* [Exercise brief] Transcribe exactly, and only, the lines from the one with "a picture of" through the end of the records below, including both of those lines. Skip all pictures.
***** Data records *****
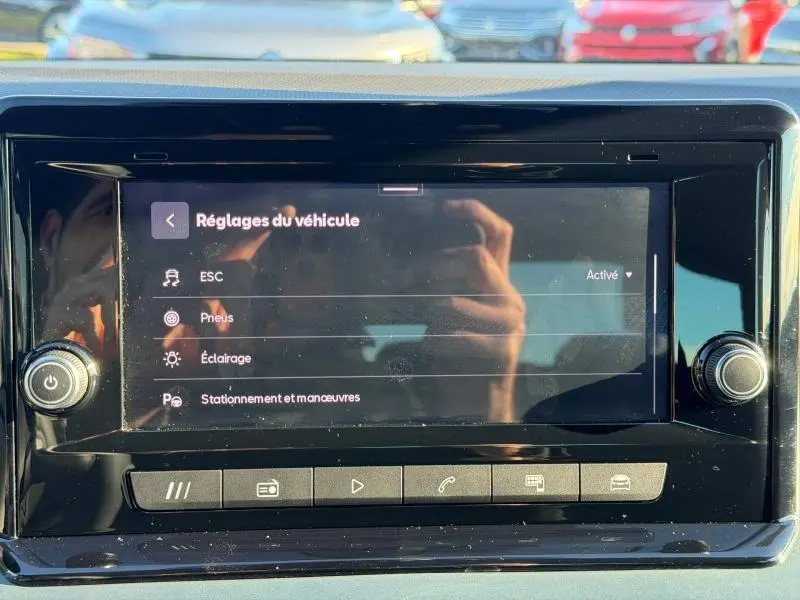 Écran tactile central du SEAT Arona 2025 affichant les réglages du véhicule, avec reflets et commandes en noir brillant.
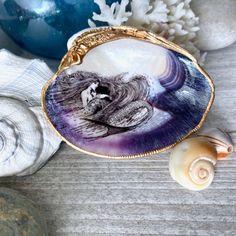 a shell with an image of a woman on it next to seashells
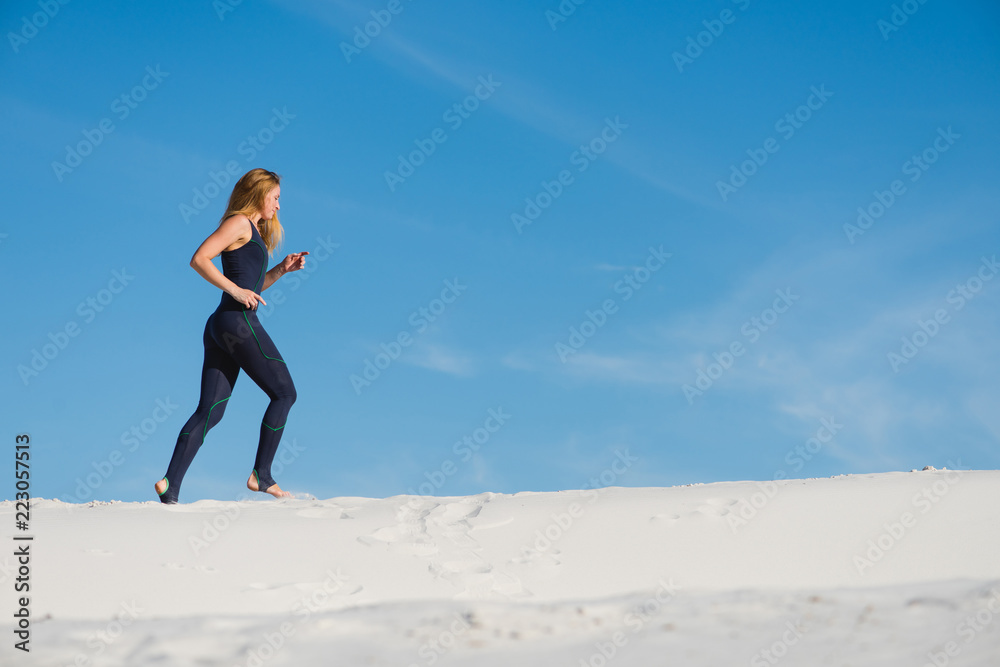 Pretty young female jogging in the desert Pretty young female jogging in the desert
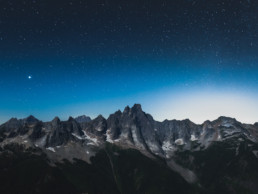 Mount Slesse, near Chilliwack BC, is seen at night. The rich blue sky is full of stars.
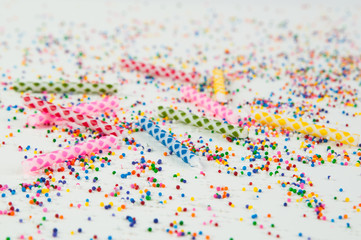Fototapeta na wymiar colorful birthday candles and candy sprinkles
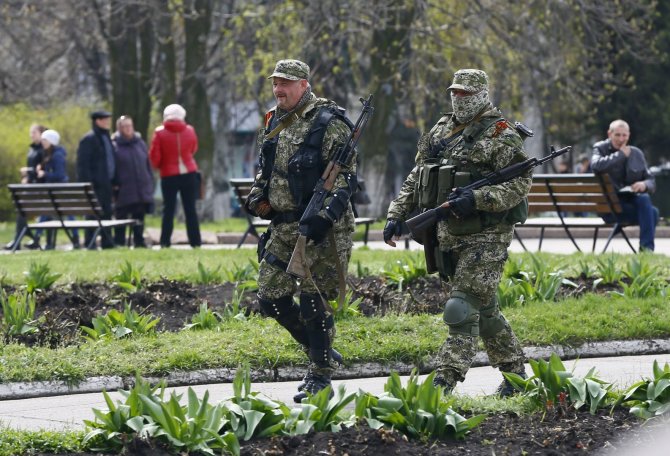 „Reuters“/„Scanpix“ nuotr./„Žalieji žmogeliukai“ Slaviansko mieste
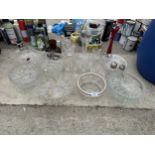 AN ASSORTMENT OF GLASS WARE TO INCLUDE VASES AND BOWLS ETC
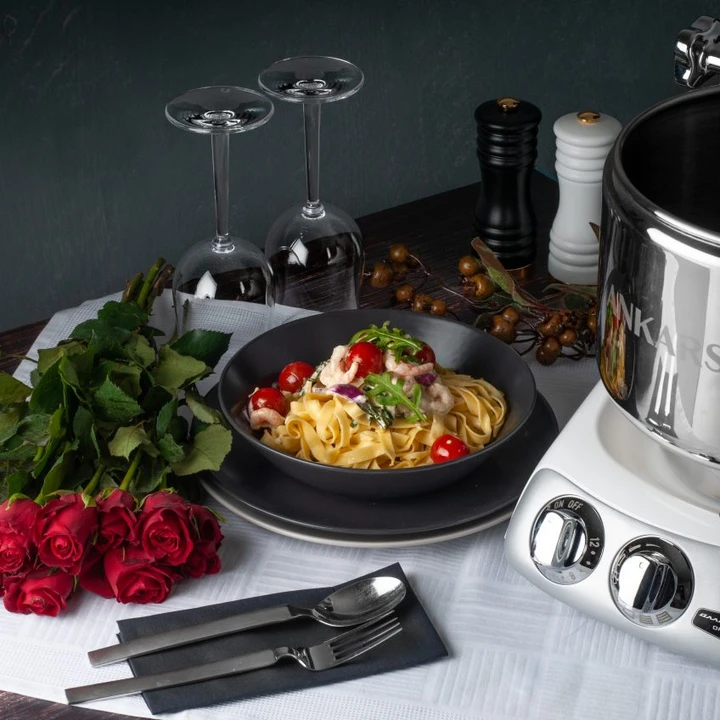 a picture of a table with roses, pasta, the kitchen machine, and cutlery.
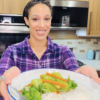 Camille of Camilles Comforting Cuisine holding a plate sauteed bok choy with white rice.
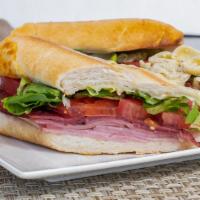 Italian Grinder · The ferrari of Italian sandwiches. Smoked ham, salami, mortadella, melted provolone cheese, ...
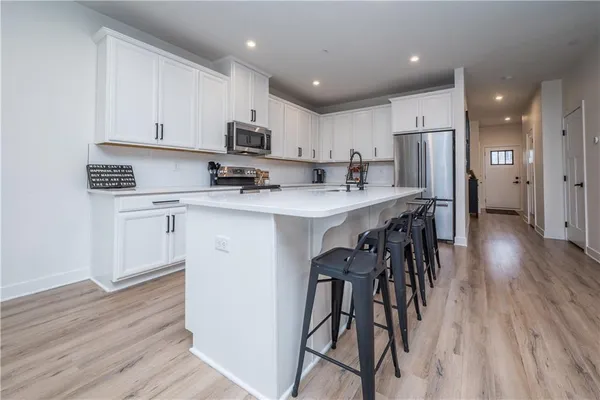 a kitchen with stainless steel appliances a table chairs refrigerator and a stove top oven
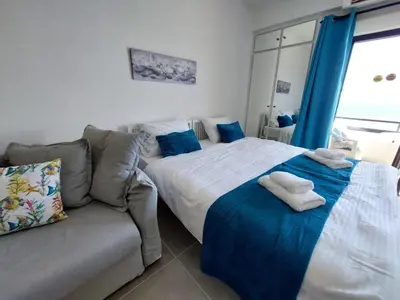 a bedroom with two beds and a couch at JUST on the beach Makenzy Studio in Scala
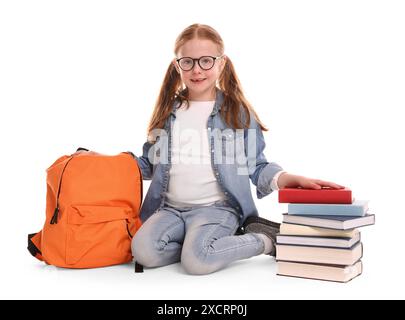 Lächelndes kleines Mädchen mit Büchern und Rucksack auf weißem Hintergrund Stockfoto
*****
* [Response area]
 a picture of a table with roses, pasta, the kitchen machine, and cutlery.
 Camille of Camilles Comforting Cuisine holding a plate sauteed bok choy with white rice.
 Italian Grinder · The ferrari of Italian sandwiches. Smoked ham, salami, mortadella, melted provolone cheese, ...
 a kitchen with stainless steel appliances a table chairs refrigerator and a stove top oven
 a bedroom with two beds and a couch at JUST on the beach Makenzy Studio in Scala
 Lächelndes kleines Mädchen mit Büchern und Rucksack auf weißem Hintergrund Stockfoto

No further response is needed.